Problem statement
Where the line containing "Red Plastic Event Chair-PP Chair" appears below, begin there and reproduce each line exactly through the last one, omitting pictures.

Data shown
***

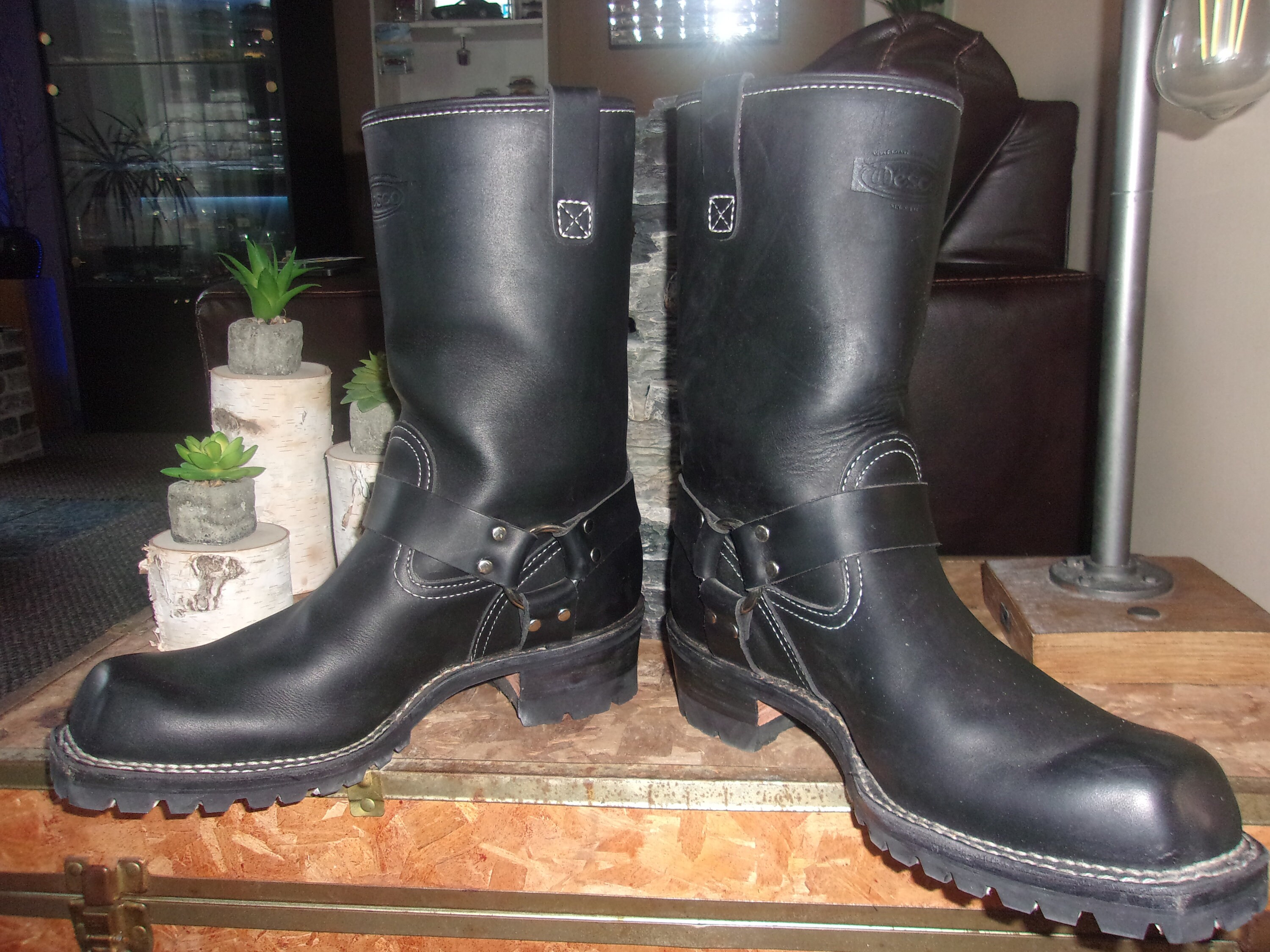 WESCO HARNESS BOOTS Motorcycle Boots Biker Boots Engineer - Etsy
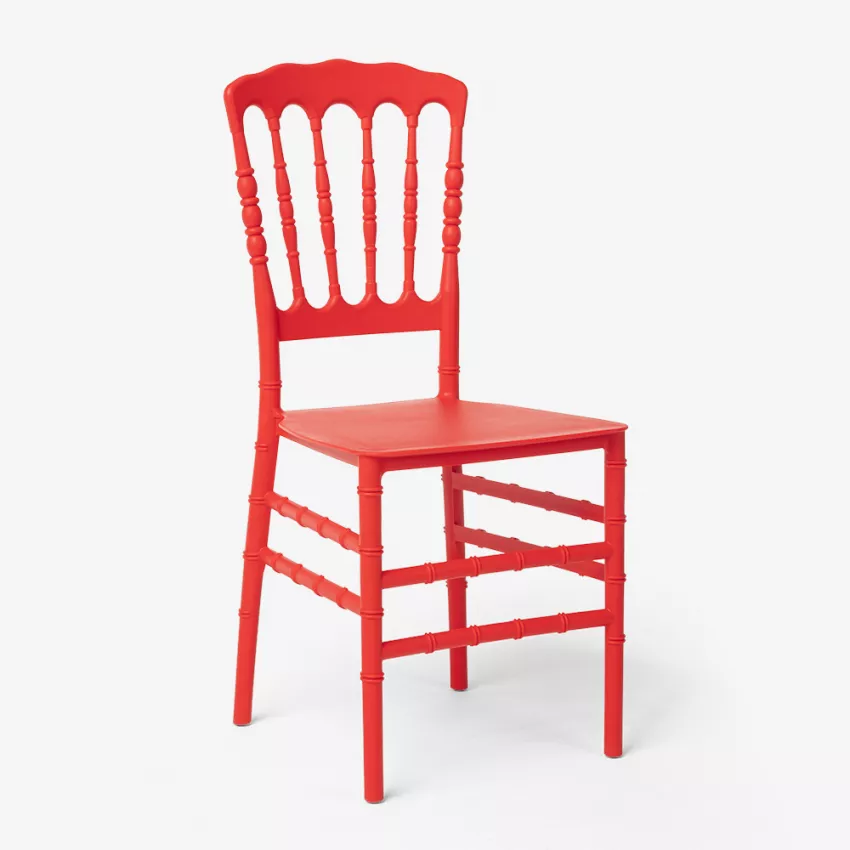 Red Plastic Event Chair-PP Chair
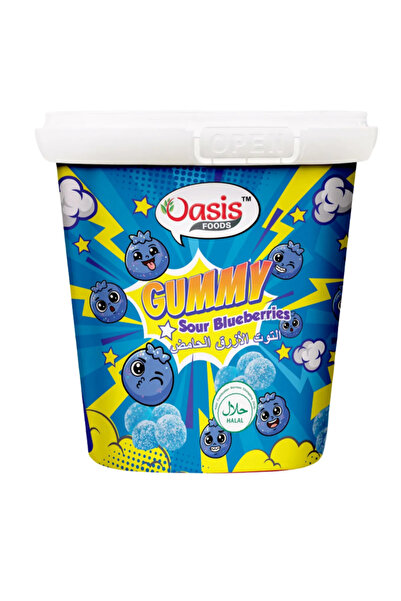 Oasis Sour Gummy Blueberry 160g x 24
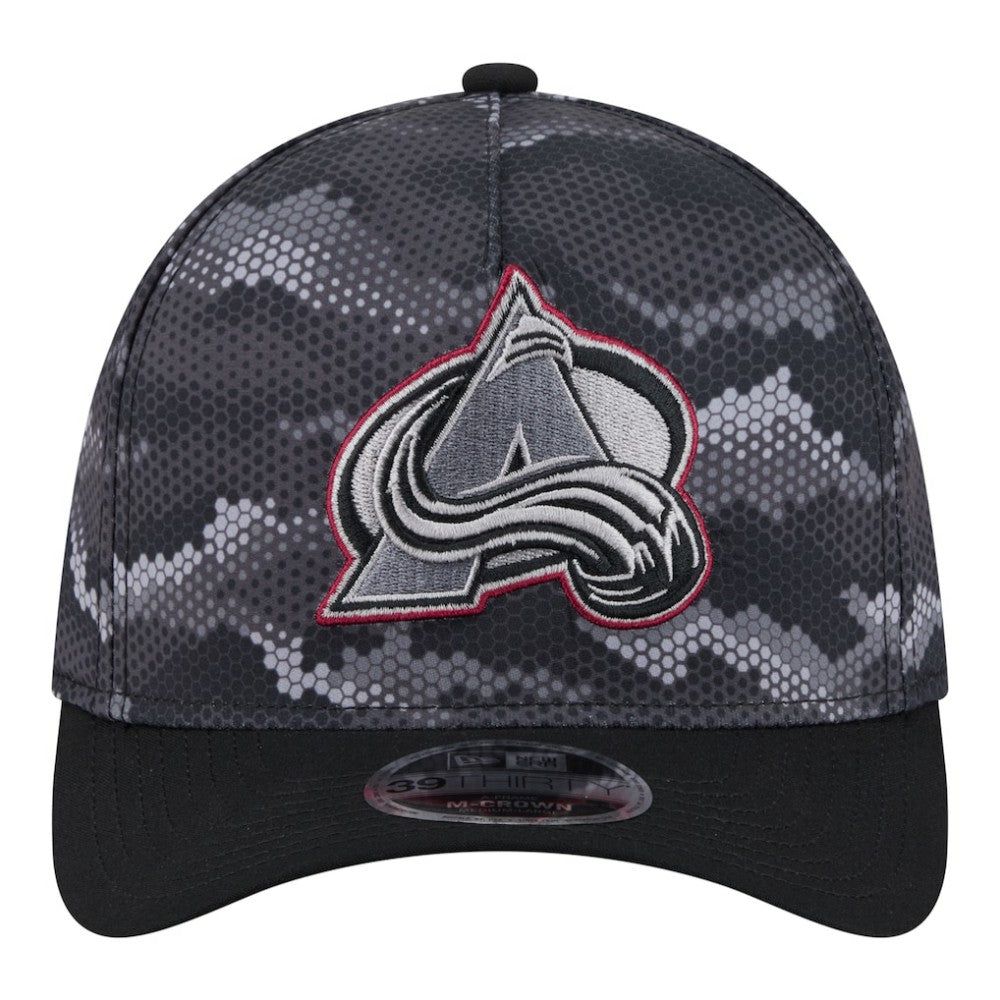 Colorado Avalanche New Era Zero Dark 39THIRTY Flex Hat - Black | New Era Clearance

***

Answer section
 Red Plastic Event Chair-PP Chair
 Oasis Sour Gummy Blueberry 160g x 24
 Colorado Avalanche New Era Zero Dark 39THIRTY Flex Hat - Black | New Era Clearance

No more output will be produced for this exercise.